1. MENIKAHI WANITA HAMIL
Idealnya
seorang laki-laki mengawini seorang yang masih perawan atau status belum nikah,
atau bisa disebut juga dengan janda yang telah putus tali perkawinannya dan
dalam keadan suci. Namun tidak sedikit di masyarakat yang terjadi sebaliknya,
wanita yang dikawini bukan hanya tidak suci lagi, akan tetapi sudah mengandung
atau dalam keadaan hamil. Perkawinan seperti ini dilakukan dalam keadaan
terpaksa. Dari kasus seperti ini timbul beberapa permasalahan. Sahkah akad
nikah yang dilakukan dalam keadaan sang wanita sedang hamil ? Apakah mereka
boleh bekumpul sebagaimana layaknya suami istri dalam perkawinan yang sah ?
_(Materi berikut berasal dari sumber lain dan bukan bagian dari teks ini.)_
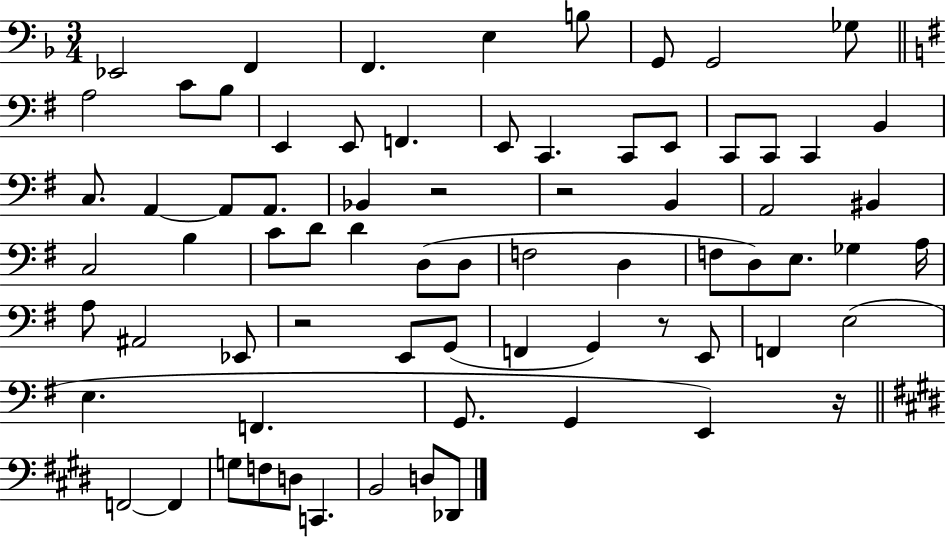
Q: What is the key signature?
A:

Bagaimana status anak yang akan lahir nanti ?
Ada
beberapa pendapat para ulama fiqih, di antaranya Imam Hanafi, Imam Maliki. Imam
Syafi’i dan Imam Hanbali, menurut mereka bahwa perkawinan keduanya sah dan
boleh bercampur sebagaimana suami istri, dengan ketentuan, bila si pria itu
yang menghamilinya dan kemudian ia mengawininya. Namun tetap keduanya dicap
sebagai penzina, dan pendapat para ulama yang mungkin berdasarkan ayat al-Qur’an,
bahwa laki-laki penzina halal menikahi perempuan penzina. Ibnu Hazm berpendapat
bahwa keduanya boleh dikawinkan dan boleh bercampur, dengan ketentuan bila ia
telah bertaubat dan menjalani hukuman dera karena telah berzina. Pendapat ini
berdasarkan hukum yang telah ditetapkan oleh sahabat Nabi, antara lain :
1.
Ketika
Jabir Bin Abdillah ditanya tentang kebolehan mengawinkan orang yang telah
berzina, maka beliau berkata :”Boleh mengawinkannya asalkan keduanya telah
bertaubat dan memperbaiki sifat-sifatnya.
2.
Seorang
laki-laki bertanya kepada Abu Bakar ; “Ya Amirul mukminin, putriku telah
dicampuri oleh tamuku, dan aku ingin agar keduanya dikawinkan.” Ketika itu Abu
Bakar memerintahkan kepada sahabat lain untuk melakukan dera kepada keduanya
kemudian dikawinkan.
Inilah
bukankah bahwa seseorang yang menghalangi wanita kemudian melaksanakan akad
nikah, masalahnya selesai. Karena mereka telah berdosa melanggar Hukum Allah,
maka mereka wajib bertaubat, yaitu taubat nashuha, istgfar, menyesali
dan menjauhkan diri dari dosa, keduanya mulai hidup bersih tanpa dosa.
Sesungguhnya Allah ta’ala menerima taubat mereka.
Menurut
KHI pasal 5 ayat (1), (2), dan (3) disebutkan :
1.
Seorang
wanita hamil di luar nikah, dapat dikawinkan dengan pria yang menghamilinya.
2.
Perkawinan
dengan wanita hamil yang tersebut dalam ayat (1) dapat dilangsungkan tanpa
menunggu lebih dahulu kelahiran anaknya.
3.
Dengan
dilangsungkannya pada saat wanita hamil, tidak diperlukan perkawinan ulang
setelah anak yang dikandung lahir.
Ketentuan
KHI ini merupakan pendekatan komprimistis dengan hukum adat. Pengkompromian itu
ditinjau dari segi kenyataan terjadinya ikhtilaf dalam ajaran fiqih dihubungkan
dengan faktor sosiologis dan psikologis. Dalam hukum adat tersimpul azas :
“Setiap tanaman yang tumbuh di ladang seseorang, dialah pemilik tanaman itu,
walaupun bukan dia yang menanamnya,” Selain itu tujuan utama azas kebolehan
kawin hamil adalah untuk memberikan perlindungan hukum yang pasti kepada anak
yang dalam kandungan, walaupun anak tersebut statusnya adalah anak zina.